■ **Your goal**: Please reproduce the data exactly and omit the pictures.

■ **Exercise data**:
----
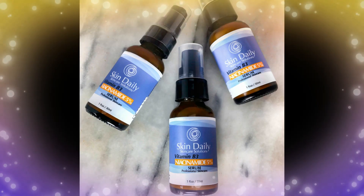Topical niacinamide fades discoloration, reduces acne, large pores, and fine lines. Niacinamide helps the skin generate ceramides, elastin, hyaluronic acid, and collagen.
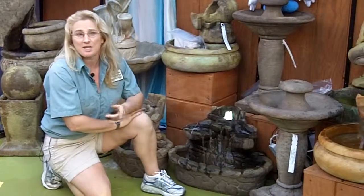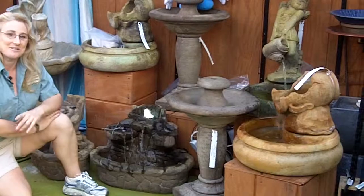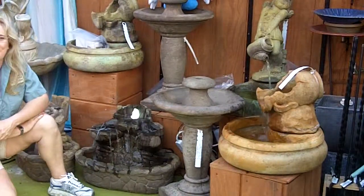They're beautiful, they're soothing, and they would make a great Mother's Day gift. So stop into either Lunenburg or Winchester and check out the new bubbler fountains.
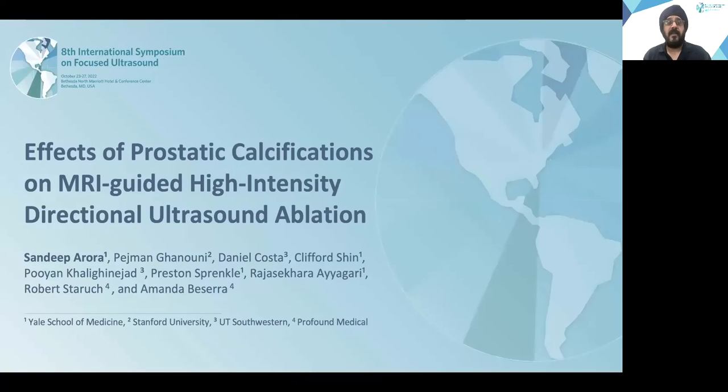Hello, everyone. Welcome to the 8th International Symposium on Focused Ultrasound. My name is Sandeep Arora. I'm an Associate Professor of Radiology and Biomedical Imaging at Yale University School of Medicine. I'm presenting today about effects of prostatic calcifications on MRI-guided high-intensity directional ablation.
----
■ **Your response**:
Topical niacinamide fades discoloration, reduces acne, large pores, and fine lines. Niacinamide helps the skin generate ceramides, elastin, hyaluronic acid, and collagen.
They're beautiful, they're soothing, and they would make a great Mother's Day gift. So stop into either Lunenburg or Winchester and check out the new bubbler fountains.
Hello, everyone. Welcome to the 8th International Symposium on Focused Ultrasound. My name is Sandeep Arora. I'm an Associate Professor of Radiology and Biomedical Imaging at Yale University School of Medicine. I'm presenting today about effects of prostatic calcifications on MRI-guided high-intensity directional ablation.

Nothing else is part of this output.